Later, as the morning sun climbed higher, Micah found himself in a quiet Thornkin clearing just outside the area Sera had sealed off. The forest was healing itself slowly, energy flowing back in gentle ripples. Glowing spores drifted around him like fairy dust. There was a peace here that felt completely different from the tight, nervous quiet of the Ashari peaks—the kind of calm that felt earned.
Micah still had that Thornkin seed Sera gave him—felt like forever ago now. The thing pulsed warm against his palm, like holding a tiny heartbeat. He dropped to his knees by a patch of good earth near where the roots sealed off the Hollow. Could've kept it, should've maybe, as some kind of reminder of what they'd built together. Instead, he pressed it down into the dirt.

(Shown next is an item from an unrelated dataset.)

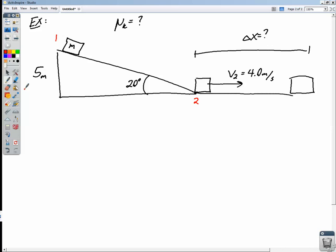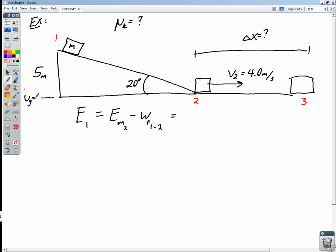We'll call the top of the ramp point one, the bottom point two, and the stopping point on the horizontal floor point three. Conservation of energy tells us that the energy at point one equals the mechanical energy at point two minus the work done by friction from one to two. That equals the mechanical energy at point three, which is zero — the box comes to rest on our zero potential reference level, the floor, with no spring potential energy either. So this equals the opposite of the work done by friction from point one to point three.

"We were made to survive," he said quietly, words meant for the soil and whatever was listening down there in the root network. Not a promise to Command or the Thornkin or anyone else—just to some future he might never live to see. A future that needed both their steel and these living roots.
Lio hung back a bit, fiddling with one of his little crystal recorders. Nothing official about this one—just something for himself. A way to remember that all this wasn't just about cracking codes or beating the enemy. It was about finding meaning when everything else kept trying to tear it away.
Sera stood with them, steady as always. "Planting a seed means betting on tomorrow when you might not see it bloom," she said, voice soft as wind through branches. "That's what real courage looks like."
Micah got to his feet, dirt still under his fingernails, and looked out toward the horizon. Behind him, those mountains held everything Ashari—all that practical, hardscrabble life he'd grown up with. Ahead lay the old forest, wild and magical and patient in ways that made his head spin. And everywhere between, the war kept grinding on, Omniraith's cold machinery trying to crush everything alive and messy.
We were made to survive, he thought, that tiny seed already swallowed by earth.
But now we've got to learn how to grow.